PROVIDED MATERIAL START

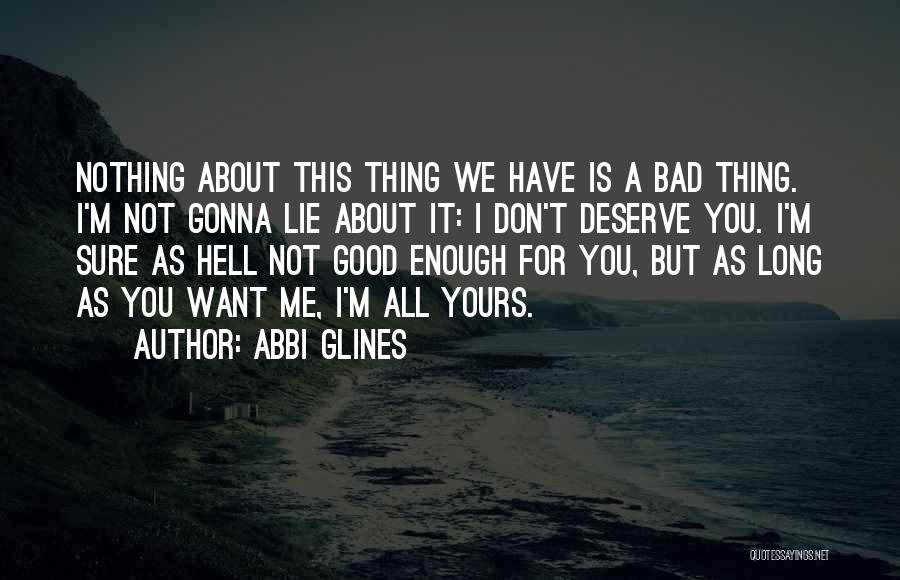 Abbi Glines Quotes: Nothing About This Thing We Have Is A Bad Thing. I'm Not Gonna Lie About It: I Don't Deserve You.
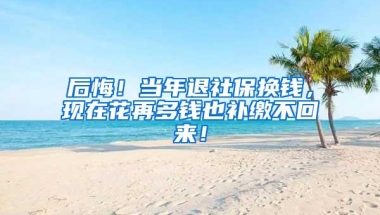 后悔！当年退社保换钱，现在花再多钱也补缴不回来！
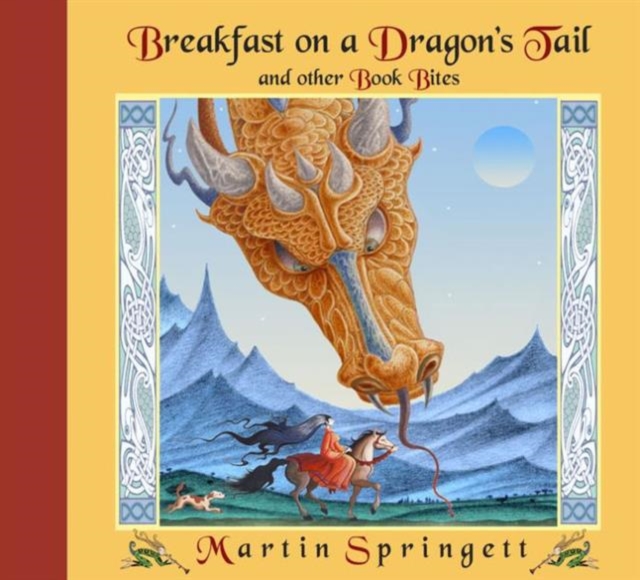 Breakfast on a Dragon's Tail : And Other Book Bites, Hardback Book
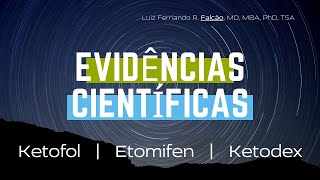 Ketofol Etomifen e Ketodex EVIDÊNCIA CIENTÍFICAS  Luiz Fernando Falcão MD MBA PhD TSA [upl. by Eliott]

PROVIDED MATERIAL END

REQUIREMENT
Leave out the pictures and output the rest of the material exactly as written.

EXERCISE RESULT
 Abbi Glines Quotes: Nothing About This Thing We Have Is A Bad Thing. I'm Not Gonna Lie About It: I Don't Deserve You.
 后悔！当年退社保换钱，现在花再多钱也补缴不回来！
 Breakfast on a Dragon's Tail : And Other Book Bites, Hardback Book
 Ketofol Etomifen e Ketodex EVIDÊNCIA CIENTÍFICAS  Luiz Fernando Falcão MD MBA PhD TSA [upl. by Eliott]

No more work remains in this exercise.